Daily Anesthesiology Research Analysis

Summary

Three anesthesia-focused studies advance perioperative decision support and risk stratification. A multicentre ultrasound–ML model accurately predicts gastric volume and outperforms the Perlas model, a real-world LLM chatbot (PEACH) safely operationalizes perioperative protocols with ~98% accuracy, and an explainable ML model predicts postoperative delirium and identifies outcome-relevant subtypes.

Research Themes

Perioperative AI/ML implementation and validation
Ultrasound-driven aspiration risk stratification
Delirium prediction and phenotyping for personalized care

Selected Articles

1. Development and validation of machine learning predictive models for gastric volume based on ultrasonography: A multicentre study.

75.5Level IIICohort

Journal of clinical anesthesia · 2025PMID: 40972267

In a multicentre cohort (n=793), ML models using age, RLD-CSA, and Perlas grade provided accurate gastric volume estimates and markedly improved detection of medium-to-high and high gastric volumes versus the Perlas model. External validation achieved AUC up to 0.96 for high gastric volume, supporting better aspiration risk stratification.

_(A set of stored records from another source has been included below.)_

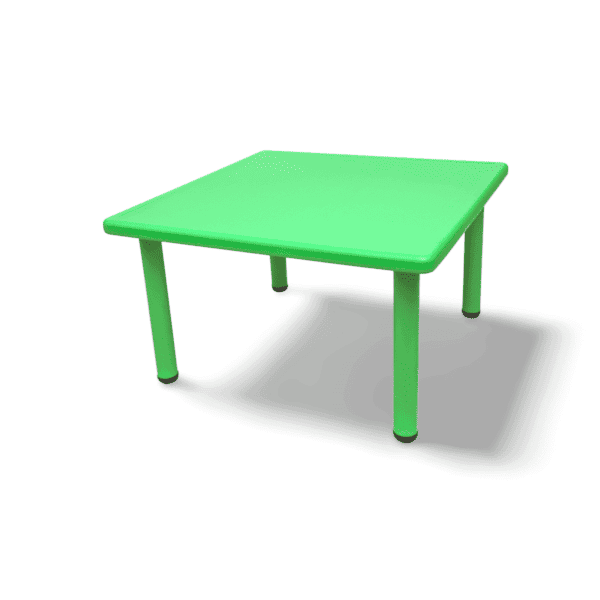 Big Plastic Square table 88cm - Green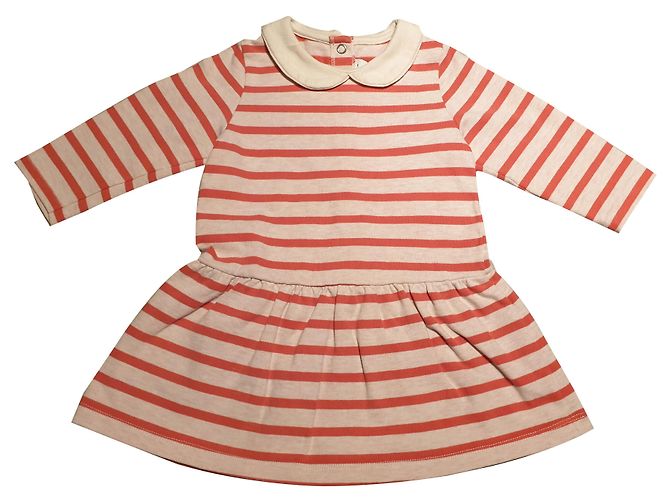 Petit Bateau Kleid Rosa Baumwolle 74 cm Pink
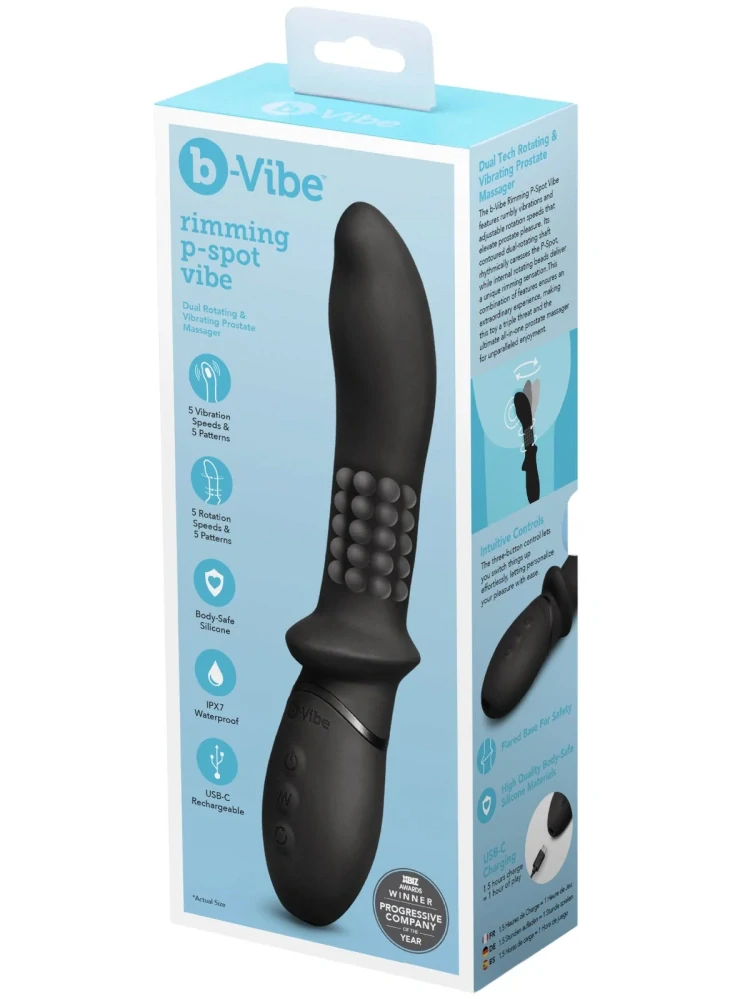 Perličkový a rotační anální vibrátor Rimming P-Spot Vibe (b-Vibe)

Impact: This work modernizes gastric ultrasound by providing validated, externally generalizable ML models that correct the systematic bias of the Perlas method and achieve excellent discrimination for high-risk volumes.

Clinical Implications: Integrating the model into point-of-care ultrasound could improve fasting status assessment, refine rapid sequence induction decisions, and reduce aspiration risk through accurate, threshold-based gastric volume prediction.

Key Findings

Eight ML models built on age, RLD-CSA, and Perlas grade outperformed the Perlas model in internal validation (Perlas mean bias +23.5 mL vs ML −0.1 to +2.0 mL).
Improved discrimination for medium-high gastric volume (AUC 0.74–0.77 vs 0.63) and high gastric volume (AUC 0.85–0.94 vs 0.74).
External validation showed AUC 0.81–0.80 (medium-high) and 0.96–0.96 (high gastric volume) for top-performing models.

Methodological Strengths

Multicentre design with prospective enrollment and external validation.
Objective reference standard for gastric volume via immediate endoscopic aspiration.
Feature selection with LASSO and rigorous agreement assessment (Bland-Altman).

Limitations

Cross-sectional design under intravenous anesthesia for endoscopy may limit generalizability to broader surgical populations.
Low prevalence of high gastric volume in the external cohort (1.5%) may widen confidence intervals.
Operator-dependent ultrasound measures were not standardized across all sonographers.

Future Directions: Prospective perioperative studies linking model-guided decisions to aspiration events and outcomes; integration into ultrasound devices with real-time thresholds; calibration across BMI and pregnancy.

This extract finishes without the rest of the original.